Partite che non dimentico
“La partita che non dimentico? Facile, dai, la finale di Champions. Mai avrei pensato e ricordo così la videochiamata di Rosetti, lui che mi chiede come sto, avevo appena finito di allenarmi e mi dice che ci vediamo a Lisbona. Lì, mi sono seduto sul letto, mi sono messo a piangere ed è arrivato mio figlio più grande, ha subito intuito della Champions, poi l’altro mio figlio, gli abbracci. E poi rivado all’esordio in A, a Siena, mio padre lì in tribuna, con assieme non so quanti della sezione di Schio, mio padre con un fazzoletto in mano, in lacrime, lui che mi ha sempre seguito, non c’era Google Maps, tutte le cartine che abbiamo comprato, era lui a fare un po’ d’agenzia di viaggi”.



A scuola d’inglese
“Un tempo leggevo i giornali, andavo subito a leggere le pagelle. Ora non più, non m’interessa né un 8 né un 4. Capita anche a noi quel che capita ai calciatori, magari sono i primi che sanno perché vengono sostituiti e c’è allora per noi a fine partita sempre il colloquio con l’osservatore che ci dice la sua “pagella” e noi già le sappiamo le cose che andrà a dirci. A livello internazionale la lingua è l’inglese. Ero proprio un asino e così dal 2009 mi sono messo a studiare, lì a Recoaro, un nord irlandese, madrelingua, per due anni è stato in pratica come andare a scuola”.

Tutto nell’hard disk
“Se sto dietro alle presenze? Certo che sì. A oggi (8 aprile) sono 257 in Serie A, 41 in Champions League, 22 in Europa League e 43 in Serie B, più tutte le altre internazionali, Coppa Italia eccetera. Penso di essere oltre le 700 partite arbitrate e guarda che tutte, proprio tutte, sin dalla prima quel giorno nel campo di sabbia lì a Chiampo, le ho sul computer. Prima usavo dei foglietti, trascrivevo i rilievi dell’osservatore, col computer poi li ho tutti archiviati, sono lì dentro. In classifica sono 4° per ora in A, davanti a me ci sono Jonni, Rocchi e Lo Bello, credo l’irraggiungibile, lui è a 330, forse se arrivo ad arbitrare sino a 50 anni...”.



La mano di Henry
“La VAR? Per come la vedo io, è un miglioramento, sono contento che ci sia, ho modo così di andare in campo con ancora maggiore sicurezza. Errori se ne fanno sempre e sempre se ne faranno, però con la Var si possono limitare gli errori più grandi e guarda che tutto è partito da quel gol di mano di Henry in Francia-Irlanda, c’era Trapattoni, è da lì arriva la VAR”.  

Premio, con dedica
“Per un arbitro ricevere questo premio ed essere giudicato da giocatori, allenatori e colleghi è la soddisfazione massima, posso solo ringraziare tutti quelli che mi hanno votato. Cercherò, nonostante l’età visto che sono il più vecchio in organico, di dare sempre il massimo che mi viene richiesto e, se posso in parte, essere un consigliere per gli arbitri più giovani per la loro crescita. Dedico questo mio secondo premio alla mia famiglia perché, in tutto e per tutto, sono sempre al mio fianco e ancora oggi mi supportano: senza famiglia, per me, non s’arriva a niente”.
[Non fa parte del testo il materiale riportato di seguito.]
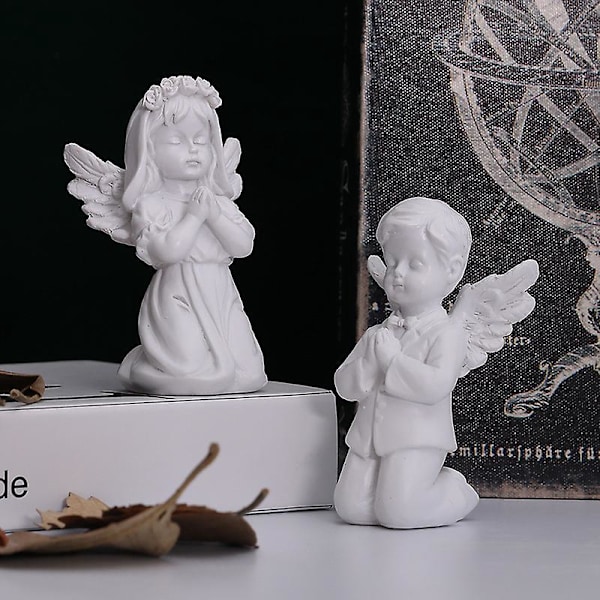 1 stk Dekorativ Bønnende Engel Harpiks Skulptur, Hjem Dekoration, Engel Figur (7*11cm)
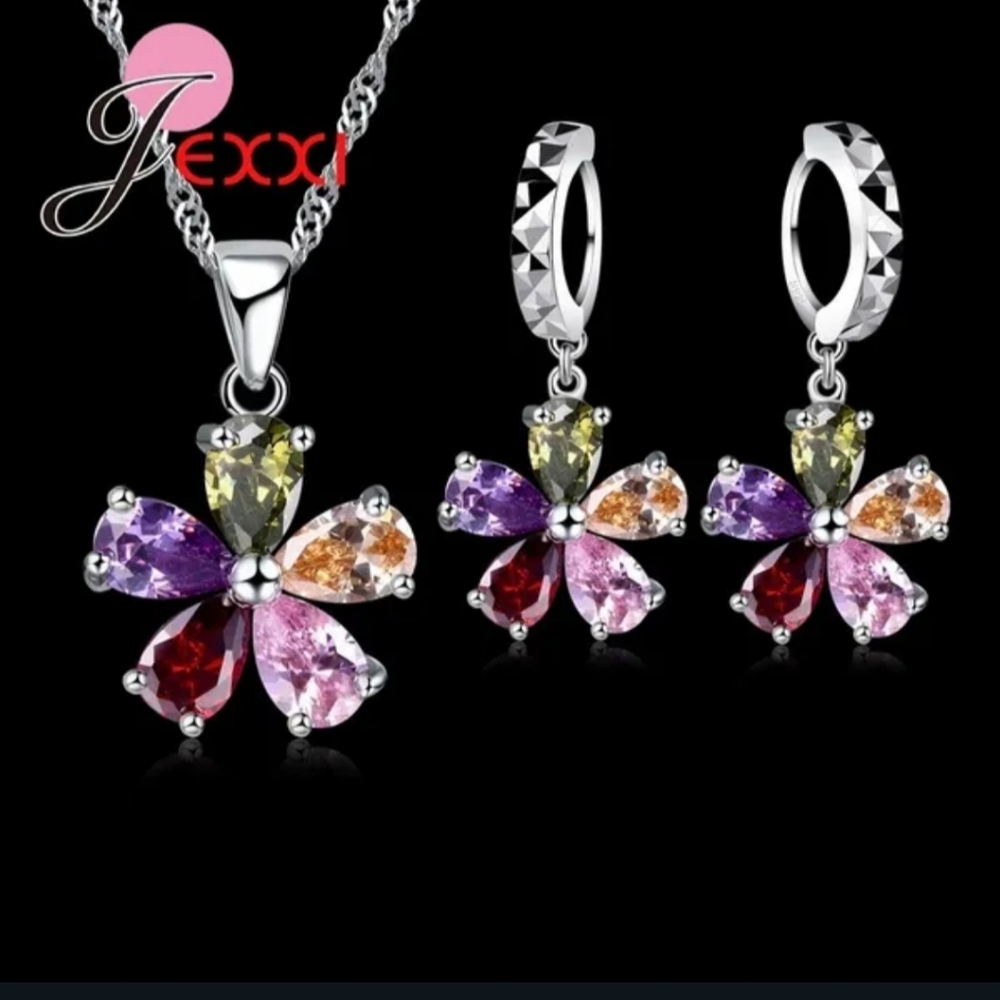 NWT Stamped 925 Silver Colorful Austrian Crystals Flower Necklace & Earrings Set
Classe 1975, vicentino di Recoaro, Daniele Orsato (sezione Aia di Schio) è entrato a far parte della Can C nel 2001 e dal 2006 della Can A-B. Internazionale dal 2012, fa parte da luglio 2015 della categoria Élite degli arbitri Uefa. Arbitro in attività col maggior numero di partite arbitrate in serie A, nel 2020 ha diretto la finale di Champions League tra Paris St. Germain e Bayern Monaco e sempre per l’annata 2020 è stato eletto miglior arbitro del mondo. Al Gran Galà del Calcio AIC per la stagione 2020/2021, si è aggiudicato il premio riservato agli arbitri (è il suo secondo consecutivo). Sposato, due figli, abbina l’attività arbitrale con quella di imprenditore artigiano (nel comparto elettrico).